*** ENTRIES SUPPLIED
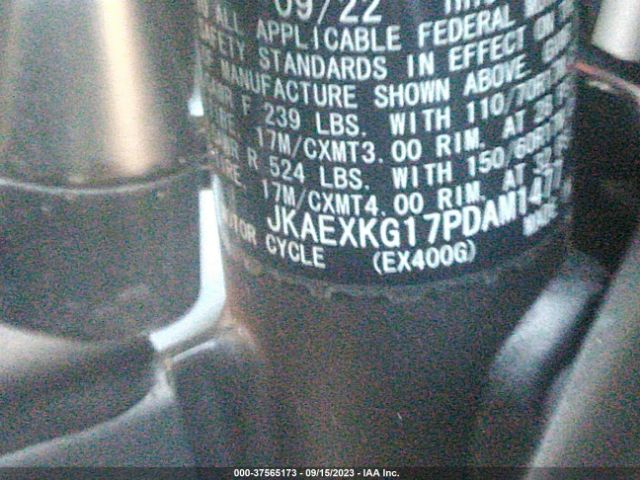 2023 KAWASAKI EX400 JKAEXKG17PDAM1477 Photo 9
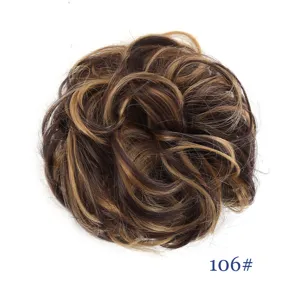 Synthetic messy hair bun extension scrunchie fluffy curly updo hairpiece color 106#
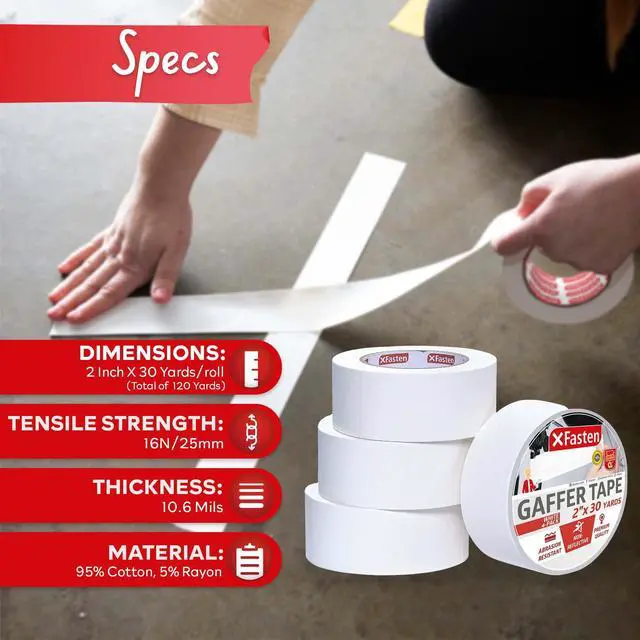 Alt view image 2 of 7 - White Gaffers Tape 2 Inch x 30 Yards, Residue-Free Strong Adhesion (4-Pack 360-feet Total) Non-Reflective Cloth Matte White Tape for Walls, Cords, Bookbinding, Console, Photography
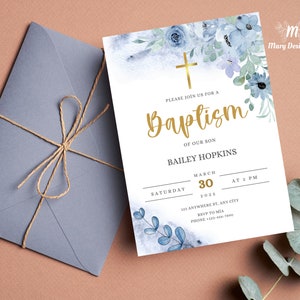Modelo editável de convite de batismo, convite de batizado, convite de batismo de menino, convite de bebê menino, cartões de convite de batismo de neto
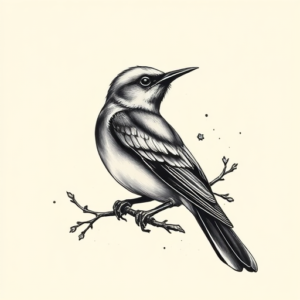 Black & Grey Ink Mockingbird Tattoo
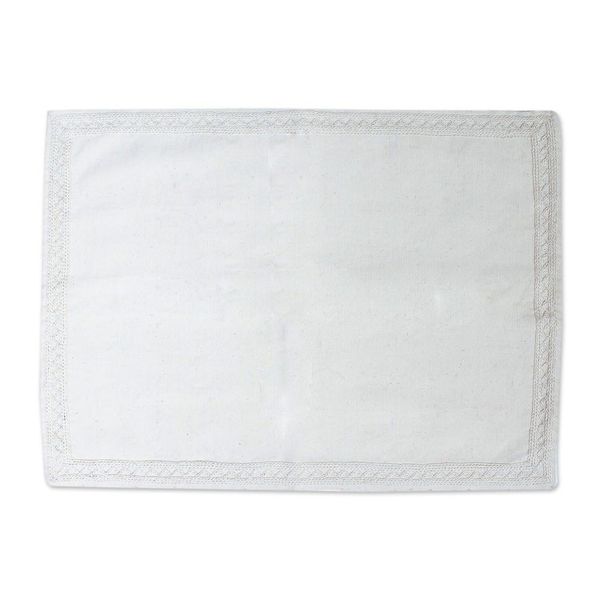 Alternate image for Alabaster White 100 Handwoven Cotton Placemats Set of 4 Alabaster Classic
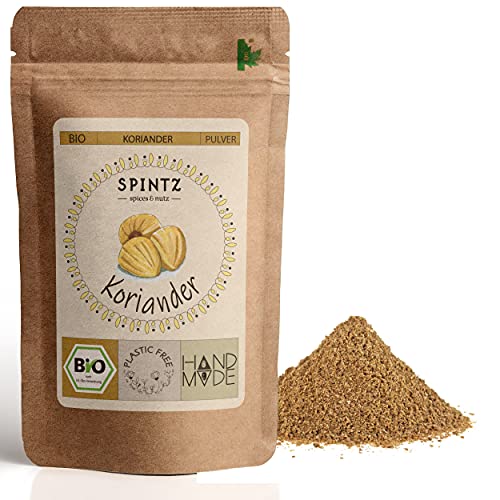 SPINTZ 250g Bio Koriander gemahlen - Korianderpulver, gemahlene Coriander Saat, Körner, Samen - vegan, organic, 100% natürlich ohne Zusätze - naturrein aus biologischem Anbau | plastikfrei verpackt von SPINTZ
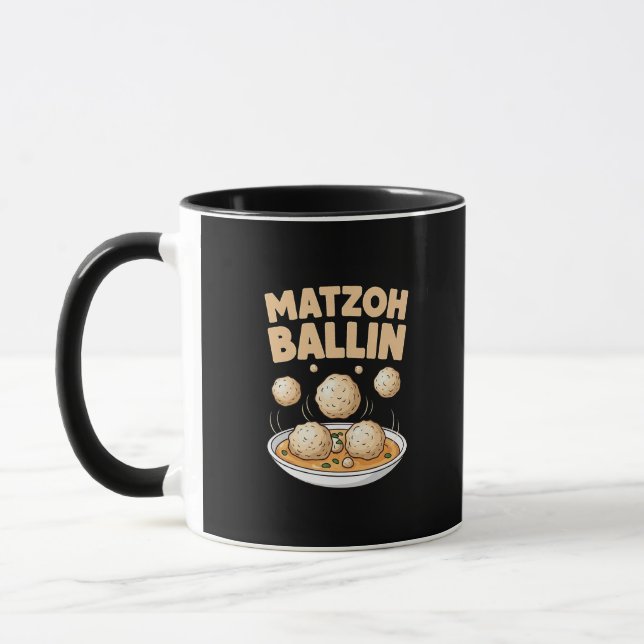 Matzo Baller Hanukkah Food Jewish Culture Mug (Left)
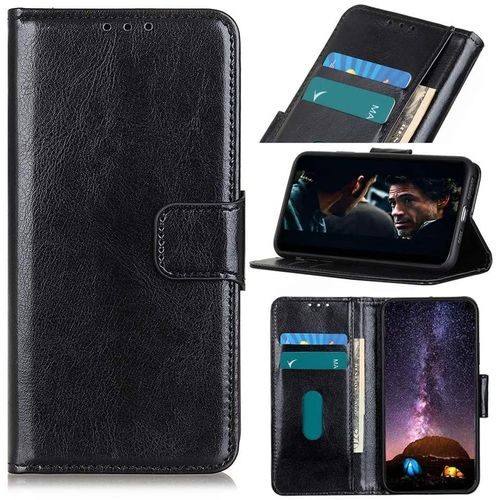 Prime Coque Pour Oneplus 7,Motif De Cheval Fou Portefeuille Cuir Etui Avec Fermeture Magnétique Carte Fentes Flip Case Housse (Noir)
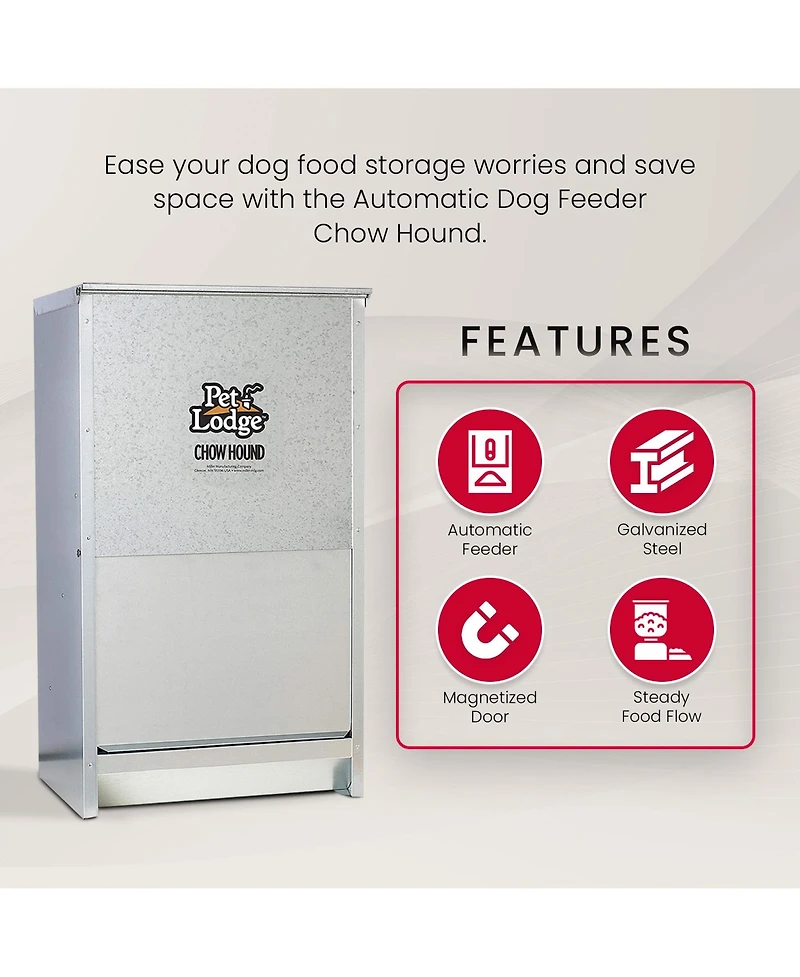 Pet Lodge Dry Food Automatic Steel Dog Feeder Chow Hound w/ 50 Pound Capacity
******
PROBLEM DESCRIPTION
From the first line of the records down through the line containing "SPINTZ 250g Bio", transcribe exactly those lines and no others, both ends kept, pictures dropped.

YOUR RESPONSE
 2023 KAWASAKI EX400 JKAEXKG17PDAM1477 Photo 9
 Synthetic messy hair bun extension scrunchie fluffy curly updo hairpiece color 106#
 Alt view image 2 of 7 - White Gaffers Tape 2 Inch x 30 Yards, Residue-Free Strong Adhesion (4-Pack 360-feet Total) Non-Reflective Cloth Matte White Tape for Walls, Cords, Bookbinding, Console, Photography
Modelo editável de convite de batismo, convite de batizado, convite de batismo de menino, convite de bebê menino, cartões de convite de batismo de neto
 Black & Grey Ink Mockingbird Tattoo
 Alternate image for Alabaster White 100 Handwoven Cotton Placemats Set of 4 Alabaster Classic
 SPINTZ 250g Bio Koriander gemahlen - Korianderpulver, gemahlene Coriander Saat, Körner, Samen - vegan, organic, 100% natürlich ohne Zusätze - naturrein aus biologischem Anbau | plastikfrei verpackt von SPINTZ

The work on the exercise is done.